Barker agrees. “The most important thing for a Scout who comes to a Cub Scout meeting is to learn—but to learn while having fun,” he says. “That’s one of the things that makes Cub Scouts different from school. It shouldn’t be like school. They should want to come every week.”
So how can you balance fun and learning? Barker and Baumeister offer some suggestions:
Leave them wanting more. Barker encourages new leaders to start with the Den & Pack Meeting Resource Guide (No. 32354)—but not to stop there. “Some meetings are a little more sedentary than others,” she says. “I think it’s important that the information gets covered but that you do something fun.”
One way to do that is to include a game in every den meeting. “I always like the last thing they do before they leave to be something they really enjoy, because that’s what they’ll remember,” Barker says.
Educate your parents. “A big thing we try to do in our pack is communicate to parents that this is supposed to be fun,” Baumeister says. He likes to use a pinewood derby analogy. “If a parent does all the work on a pinewood derby car, it might be a fast car, and your son might even win the race,” he says. “But is he really going to get the full range of growth that he would get if he had had a more hands-on experience? Maybe the car doesn’t look as good. Maybe it doesn’t run as fast. But he’s got that ownership.”
Don’t skip the sizzle. Barker is a big fan of monthly themes. She served on the task force that created the themed pack-meeting plans that are available at bit.ly/packmeetingplans. She compares themed meetings to birthday parties. You could have a birthday party for your son where people just handed over presents, but it would be a lot cooler with a piñata or a magician or a bounce house. “They want to play with their friends and interact,” she says. “I think that’s really important for kids.”

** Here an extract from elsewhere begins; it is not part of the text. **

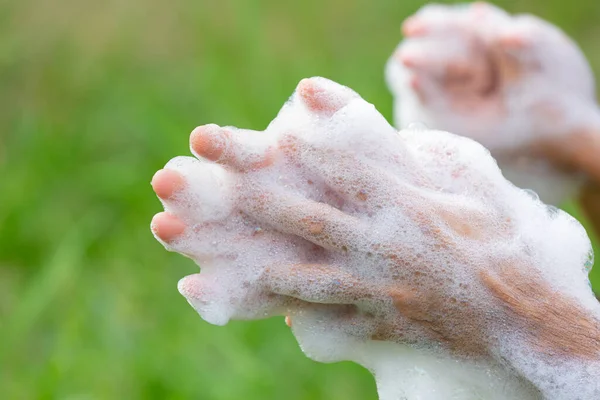 washing hands with soap for prevent disease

Use the Cub Scout Academics and Sports Program. If boys (or their parents) are badge-hungry, earning belt loops can take the edge off their appetite. “A new Scout—whether he’s starting as a Tiger Cub or as a fifth-grade Webelos—can come into the program and get some bling at that first pack meeting if he just tries a couple of things,” Baumeister says.
Because many boys are as excited about belt loops as they are about rank patches, giving out belt loops takes some pressure off of the den leader. He or she can then give rank achievements the time they require.
Take your time. Don’t feel that your boys all have to earn their ranks by some arbitrary deadline—like February’s blue and gold banquet. After all, they have the whole year to advance. Barker says that’s especially important when boys join late after playing fall sports. “You can give them a list of what you’ve already completed to help them get caught up, but the goal may not be to have it done at blue and gold,” she says. “I think that’s important to stress. They don’t have to have done in two months what we’ve been doing for the last four or five.”
Encourage fresh starts. Finally, if a boy is learning and enjoying himself, don’t worry too much if he doesn’t achieve this year’s rank—especially if he joins late in the year. “Once school is over, he’s going to be right at the same level as the rest of his peers,” Baumeister says. “They’re all going to start on that next rank not knowing anything. They’re all basically on a level playing field at that point.”
In the end, Cub Scout leadership is a balancing act. “You can focus so much on advancement that you forget the fun,” Barker says. “But you can’t just be having fun and not doing any advancement because that’s doing a disservice to the Cub Scout.”
The Cub Scout motto—Do Your Best—applies to Cub Scout leaders, too.